Fortescue Metals Group Ltd (ASX: FMG) shares are known for paying large passive income to investors.
The ASX mining share usually trades on a low price/earnings (P/E) ratio and has a relatively high dividend payout ratio.
In the FY23 first half, its fully franked interim dividend payment was 75 cents per share, which was 65% of net profit after tax (NPAT), amounting to a total payout to shareholders of A$2.3 billion.
It continues to trade on a low P/E ratio with what its expected earnings are for FY23 and FY24.
According to Commsec, it's valued at 8 times FY23's estimated earnings and under 11 times FY24's estimated earnings.
How big is the dividend going to be in FY24?
It's just a guess at this stage, but the first passive dividend income to be paid during FY24 is going to be the FY23 final dividend.
Commsec estimates suggest that the total FY23 annual dividend will be $1.83 per share, implying the final dividend could be $1.08 per share, which would be a grossed-up dividend yield of 7% by itself.
Then, in FY24, Commsec estimates suggest that the FY24 annual dividend payment could be $1.29 per share, which would be a grossed-up dividend yield of 8.4%.
How much passive dividend income could a $20,000 investment in Fortescue shares pay?
Investing $20,000 would enable an investor to buy 909 Fortescue shares.
For the final FY23 dividend, this would result in a cash payment of around $982 and franking credits of approximately $421.
With the annual payment projected for FY24, the cash payment could be around $1,172 with franking credits of another $502.
Over the next 15 months, investors could get over $2,000 of cash and close to $900 of franking credits.
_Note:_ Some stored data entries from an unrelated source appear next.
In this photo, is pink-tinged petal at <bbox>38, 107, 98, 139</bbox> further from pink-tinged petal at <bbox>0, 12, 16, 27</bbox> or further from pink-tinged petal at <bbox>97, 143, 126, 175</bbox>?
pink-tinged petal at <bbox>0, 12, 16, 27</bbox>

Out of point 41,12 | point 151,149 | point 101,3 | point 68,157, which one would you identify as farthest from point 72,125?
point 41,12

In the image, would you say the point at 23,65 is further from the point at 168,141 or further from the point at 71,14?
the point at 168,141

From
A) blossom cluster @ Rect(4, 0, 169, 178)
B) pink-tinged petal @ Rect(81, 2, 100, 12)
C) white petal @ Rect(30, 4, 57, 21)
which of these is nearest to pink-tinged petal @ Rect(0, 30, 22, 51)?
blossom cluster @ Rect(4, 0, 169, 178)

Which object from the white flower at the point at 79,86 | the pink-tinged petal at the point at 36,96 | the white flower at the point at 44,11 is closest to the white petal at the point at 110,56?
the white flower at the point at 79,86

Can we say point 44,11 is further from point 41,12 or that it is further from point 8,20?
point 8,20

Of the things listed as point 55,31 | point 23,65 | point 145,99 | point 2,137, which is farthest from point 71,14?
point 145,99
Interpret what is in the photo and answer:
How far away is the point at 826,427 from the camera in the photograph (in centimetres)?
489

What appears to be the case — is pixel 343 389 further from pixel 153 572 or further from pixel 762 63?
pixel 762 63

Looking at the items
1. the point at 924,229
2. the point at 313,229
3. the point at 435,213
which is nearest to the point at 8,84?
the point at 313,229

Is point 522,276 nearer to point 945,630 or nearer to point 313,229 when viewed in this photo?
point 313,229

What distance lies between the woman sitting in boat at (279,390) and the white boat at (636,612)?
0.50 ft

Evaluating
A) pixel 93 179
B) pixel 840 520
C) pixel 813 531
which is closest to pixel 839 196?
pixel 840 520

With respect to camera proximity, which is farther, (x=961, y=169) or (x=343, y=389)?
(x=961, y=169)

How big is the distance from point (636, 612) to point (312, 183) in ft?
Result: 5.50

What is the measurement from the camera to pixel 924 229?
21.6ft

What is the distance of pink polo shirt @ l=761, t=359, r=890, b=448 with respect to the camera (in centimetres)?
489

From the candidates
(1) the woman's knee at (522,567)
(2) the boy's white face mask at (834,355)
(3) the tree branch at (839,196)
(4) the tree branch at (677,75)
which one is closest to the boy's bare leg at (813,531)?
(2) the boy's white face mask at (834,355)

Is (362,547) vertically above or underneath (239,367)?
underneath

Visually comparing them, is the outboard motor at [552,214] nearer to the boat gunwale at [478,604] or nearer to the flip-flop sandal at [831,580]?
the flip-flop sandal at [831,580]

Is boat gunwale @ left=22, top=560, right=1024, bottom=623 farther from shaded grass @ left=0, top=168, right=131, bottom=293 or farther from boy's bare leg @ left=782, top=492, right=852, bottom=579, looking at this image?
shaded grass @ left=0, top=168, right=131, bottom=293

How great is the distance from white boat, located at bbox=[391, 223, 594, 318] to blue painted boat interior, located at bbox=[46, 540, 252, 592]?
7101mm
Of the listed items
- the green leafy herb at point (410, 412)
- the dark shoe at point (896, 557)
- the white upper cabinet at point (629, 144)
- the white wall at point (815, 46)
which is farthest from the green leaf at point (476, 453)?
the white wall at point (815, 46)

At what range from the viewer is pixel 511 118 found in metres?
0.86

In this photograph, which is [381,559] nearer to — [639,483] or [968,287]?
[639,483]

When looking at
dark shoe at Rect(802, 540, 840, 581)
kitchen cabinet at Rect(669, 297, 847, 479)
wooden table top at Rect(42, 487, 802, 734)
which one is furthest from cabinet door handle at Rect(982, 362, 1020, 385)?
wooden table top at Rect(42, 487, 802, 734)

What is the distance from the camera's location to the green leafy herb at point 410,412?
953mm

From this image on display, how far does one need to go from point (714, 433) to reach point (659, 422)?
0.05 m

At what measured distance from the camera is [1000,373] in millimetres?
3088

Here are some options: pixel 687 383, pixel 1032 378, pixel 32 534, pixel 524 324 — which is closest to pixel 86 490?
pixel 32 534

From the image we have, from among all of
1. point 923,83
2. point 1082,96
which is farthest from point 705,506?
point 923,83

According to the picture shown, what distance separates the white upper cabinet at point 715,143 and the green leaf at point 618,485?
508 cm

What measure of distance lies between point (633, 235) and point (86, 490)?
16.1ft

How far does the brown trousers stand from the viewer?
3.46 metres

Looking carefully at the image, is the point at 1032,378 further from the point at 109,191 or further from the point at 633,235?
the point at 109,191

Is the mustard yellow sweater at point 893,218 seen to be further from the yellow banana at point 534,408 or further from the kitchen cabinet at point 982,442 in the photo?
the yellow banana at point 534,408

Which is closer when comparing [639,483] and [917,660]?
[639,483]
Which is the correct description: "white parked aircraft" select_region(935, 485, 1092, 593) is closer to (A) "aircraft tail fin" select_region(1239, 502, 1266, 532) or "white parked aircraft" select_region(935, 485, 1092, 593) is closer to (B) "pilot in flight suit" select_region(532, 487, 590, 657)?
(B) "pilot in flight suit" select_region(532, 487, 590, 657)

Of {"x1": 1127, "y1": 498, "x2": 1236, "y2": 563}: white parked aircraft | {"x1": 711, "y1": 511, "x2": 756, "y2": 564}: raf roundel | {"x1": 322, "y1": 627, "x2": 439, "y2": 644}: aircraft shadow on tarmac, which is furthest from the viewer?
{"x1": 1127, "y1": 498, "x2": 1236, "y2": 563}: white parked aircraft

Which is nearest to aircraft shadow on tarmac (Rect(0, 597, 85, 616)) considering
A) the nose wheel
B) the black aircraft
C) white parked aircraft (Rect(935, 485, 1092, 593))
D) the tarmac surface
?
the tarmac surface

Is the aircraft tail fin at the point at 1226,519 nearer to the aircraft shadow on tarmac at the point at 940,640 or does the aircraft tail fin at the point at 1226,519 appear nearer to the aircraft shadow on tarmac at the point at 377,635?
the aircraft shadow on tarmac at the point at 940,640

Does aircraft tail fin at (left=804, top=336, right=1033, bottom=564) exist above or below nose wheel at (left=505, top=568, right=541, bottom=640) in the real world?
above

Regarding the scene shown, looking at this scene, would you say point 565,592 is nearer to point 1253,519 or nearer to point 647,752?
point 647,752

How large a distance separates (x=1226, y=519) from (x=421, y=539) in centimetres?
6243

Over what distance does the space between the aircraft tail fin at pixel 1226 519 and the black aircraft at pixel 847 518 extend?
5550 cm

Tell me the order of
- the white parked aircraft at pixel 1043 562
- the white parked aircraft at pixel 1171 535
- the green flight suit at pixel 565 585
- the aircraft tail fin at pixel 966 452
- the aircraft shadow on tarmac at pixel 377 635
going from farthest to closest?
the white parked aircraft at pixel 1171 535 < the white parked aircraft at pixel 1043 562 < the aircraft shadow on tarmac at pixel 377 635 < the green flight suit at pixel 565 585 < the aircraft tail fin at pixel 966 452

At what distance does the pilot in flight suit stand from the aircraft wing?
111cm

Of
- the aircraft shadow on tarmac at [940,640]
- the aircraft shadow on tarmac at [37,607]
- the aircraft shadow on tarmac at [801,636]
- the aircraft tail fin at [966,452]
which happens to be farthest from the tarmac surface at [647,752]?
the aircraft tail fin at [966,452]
Getting around $3,000 of grossed-up passive income is exciting from a $20,000 investment, it's a very solid return.
Foolish takeaway
Fortescue is known for paying big dividends to investors and this could continue to be the case in the medium term. Iron ore profit could continue to be strong as Chinese steel exports ramp up to Africa and Asia. Time will tell what happens with the iron ore price and how much supply and demand there is for the commodity in the coming years.